*** RECORD EXTRACTS ***
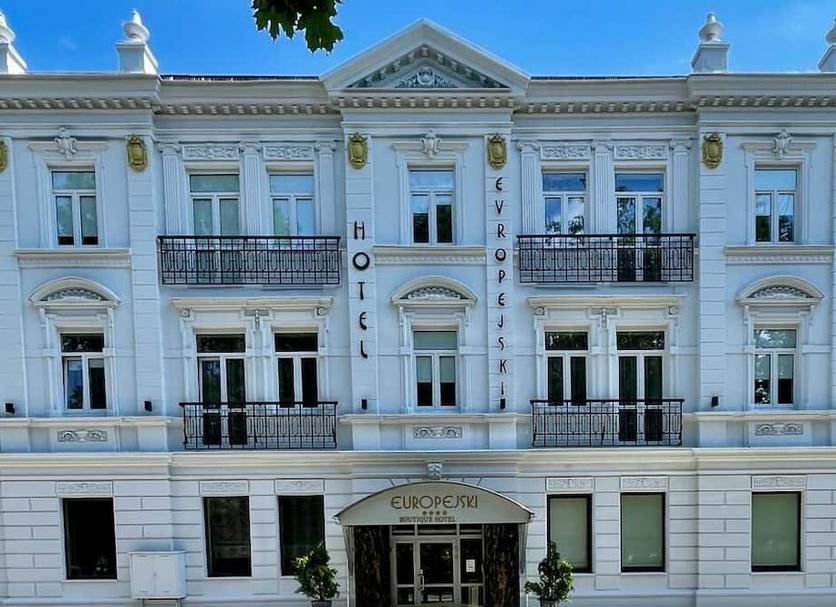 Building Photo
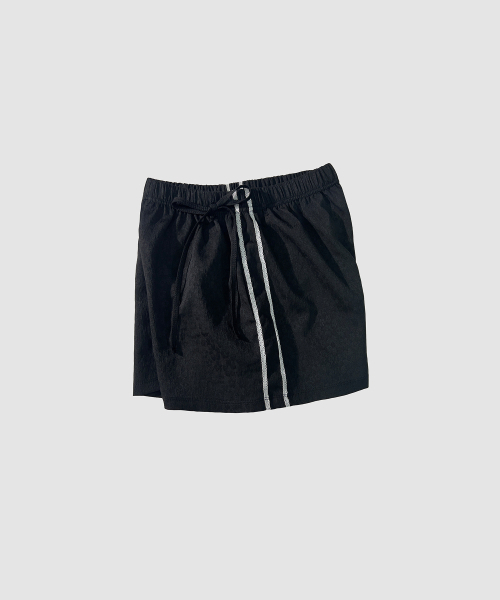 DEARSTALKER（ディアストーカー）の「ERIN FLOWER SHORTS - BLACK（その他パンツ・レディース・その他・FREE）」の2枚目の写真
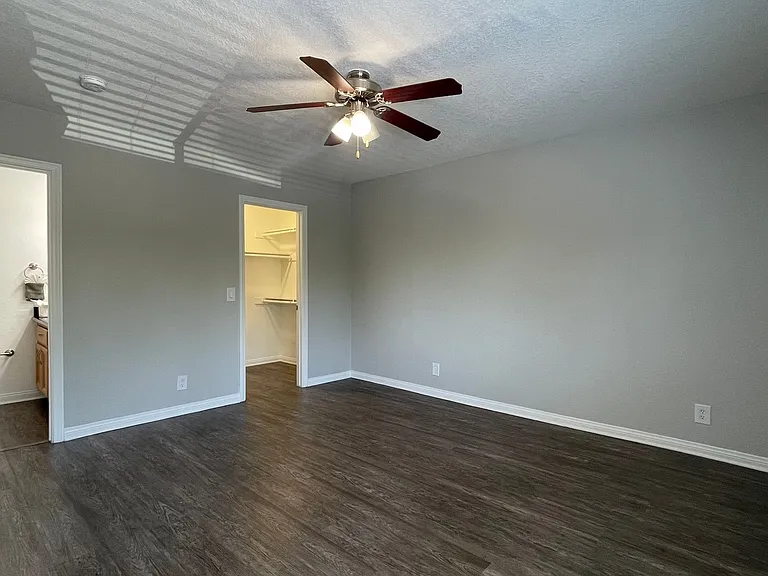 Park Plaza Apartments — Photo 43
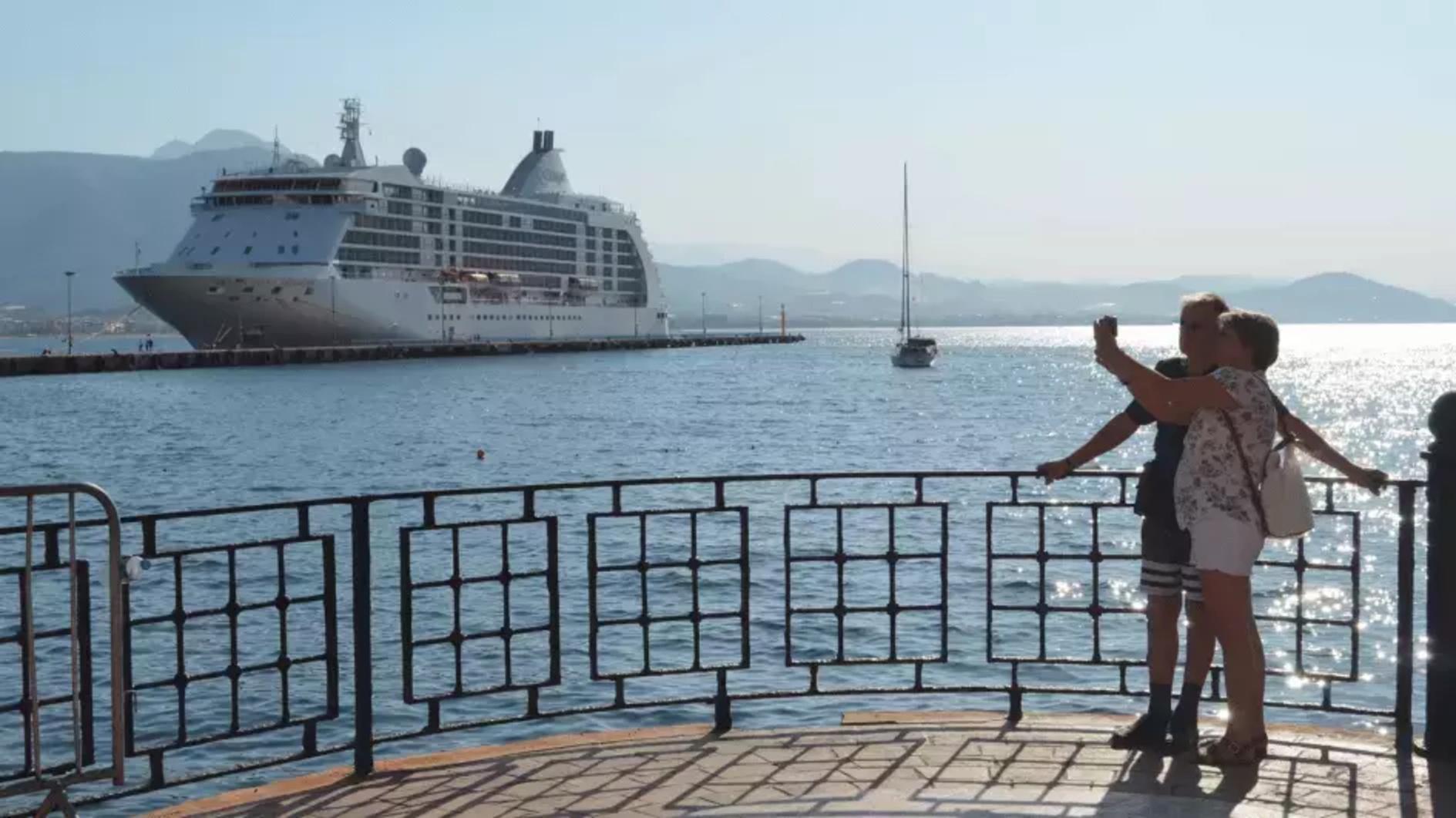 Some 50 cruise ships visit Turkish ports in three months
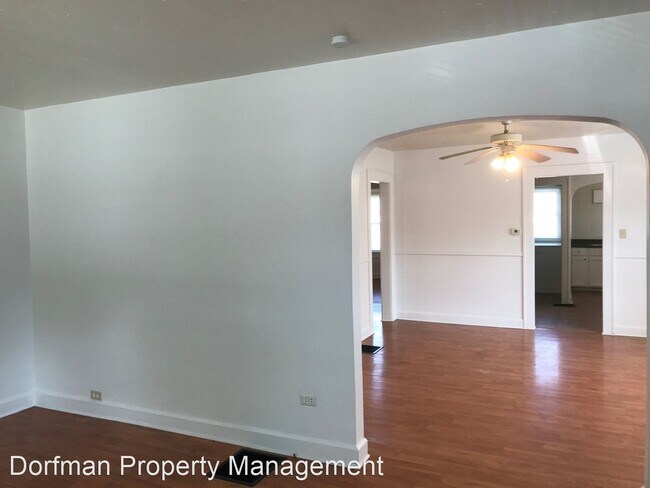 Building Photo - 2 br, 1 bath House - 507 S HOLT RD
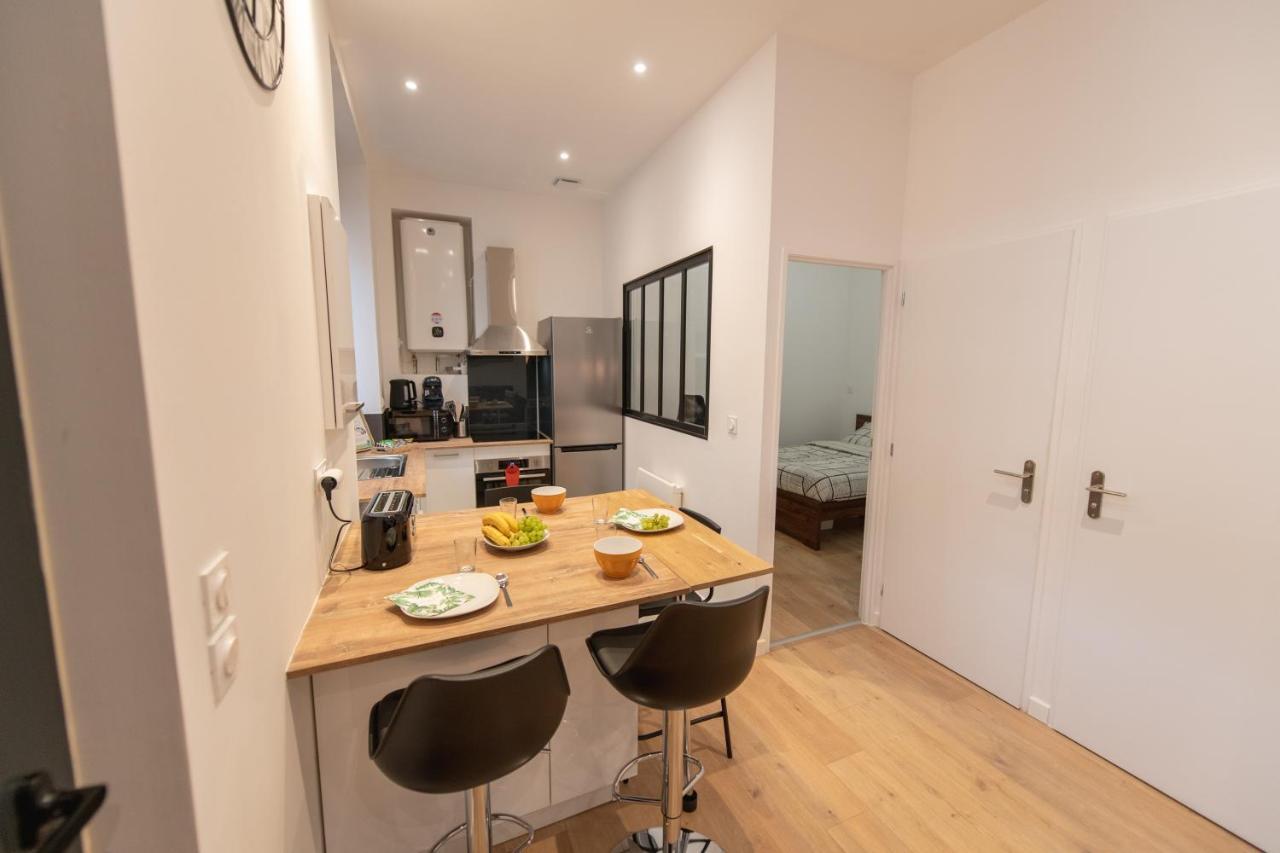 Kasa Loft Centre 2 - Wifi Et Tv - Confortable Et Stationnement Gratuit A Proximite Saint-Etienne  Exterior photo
*** End of RECORD EXTRACTS ***
*** RECORD EXTRACTS ***
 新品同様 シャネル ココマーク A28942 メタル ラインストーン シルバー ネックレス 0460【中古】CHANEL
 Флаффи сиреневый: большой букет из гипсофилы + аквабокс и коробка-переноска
*** End of RECORD EXTRACTS ***
TRY IT:
In the listing above, find the line holding "新品同様 シャネル ココマーク" and the line holding "Флаффи сиреневый: большой", then output those two lines and every line between them exactly.

RESPONSE BELOW:
 新品同様 シャネル ココマーク A28942 メタル ラインストーン シルバー ネックレス 0460【中古】CHANEL
 Флаффи сиреневый: большой букет из гипсофилы + аквабокс и коробка-переноска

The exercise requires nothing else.